Picasso’s Paul en Arlequin hangs on a harlequin-covered background, its blue and yellow diamonds a near replica of the subject’s costume. His famous Bull’s Head sculpture, formed by the union of a bicycle seat and handlebars, is accompanied by a wall of handlebars. Picasso’s famed marinière Breton gets the celebrity treatment, with a photograph of the Breton-cloaked artist sitting beneath an umbrella of striped jerseys suspended from the ceiling.
Clearly, Smith had fun with this assignment. Or, as Debray calls it, a “joyful invitation to rediscover all of Picasso’s creative fields, painting, sculpture, ceramics and graphic arts, through the sharp and mischievous eye of a great contemporary creator.”
Picasso Celebration: The Collection in a New Light also has its pensive moments; most notably where his Civil War-inspired works are exhibited alongside Mickalene Thomas’ Resist #8, a modern battle cry targeting systemic racism and police brutality. Thomas is one of several contemporary artists whose work is showcased throughout Celebration Picasso.
Events Around the World
Celebration Picasso kicked off last year with a dual announcement from the French and Spanish Culture Ministers in front of the anti-war masterpiece Guernica at Madrid’s Reina Sofía Museum. It wraps up in early 2024. In between, exhibitions will be held throughout Europe and North America. A selected list is below.
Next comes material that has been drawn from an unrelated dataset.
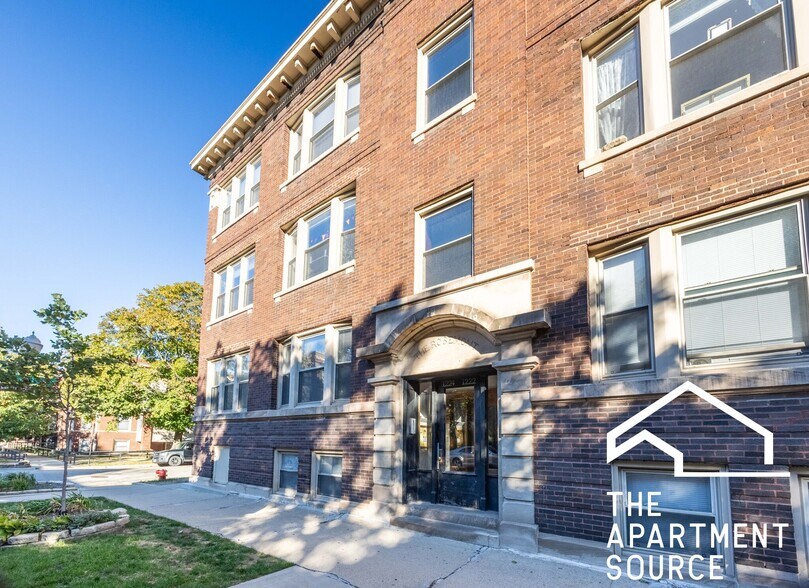 Building Photo - 1224 W Rosemont Ave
Picasso Landscapes: Out of Bounds
The Mint Museum
February 11 to May 21, 2023
Cincinnati Art Museum
June 24 to October 11, 2023
See more than 45 of Picasso’s landscape paintings, a genre he explored throughout his career, from his art school days at 15 years old to just before his death.
Picasso 1906: La Gran Transformación
Museo Reina Sofia
November 14 to March 4, 2024
This exhibition examines how Picasso contributed to the advancement of modern art as a pioneer of Cubism. Picasso’s time in the Catalonian village of Gosol in 1906 marked a period of optimism and evolution — hence, the “transformation.” This was especially compelling as it came on the heels of his highly symbolic Blue and Rose Period artworks.
Picasso Escultor: Materia y Cuerpo
Museo Picasso Málaga
May 8 to September 9, 2023
Museo Guggenheim Bilbao
September 29 to January 14, 2024
Picasso may be most well-known for his paintings, but he also crafted around 700 sculptures focused on the human body. Several of them will be on display during this exhibition, which is devoted to his sculptural artworks.
Formes et Métamorphoses: the Ceramic Creation of Picasso
Magnelli Museum, Museum of Ceramics
May 6 to October 30, 2023
It was while living in the French Riviera city of Vallauris from 1948 to 1955 that Picasso became enamored of ceramic work; he went on to create more than 600 ceramic pieces. Many of them will be on display during this exhibition but don’t stop there. The Magnelli Museum and the Picasso National Museum are both housed in the Château de Vallauris. You’ll find Picasso’s iconic War and Peace fresco in the Romanesque chapel.
Picasso: Dibujar Hasta el Infinito
October 18 to January 22, 2024
The largest-ever exhibition of Picasso’s drawings, this retrospective traces the artist’s entire career. More than 2,000 drawings and prints — some unpublished — will be shown, including early sketches of some of his most recognized and lauded work.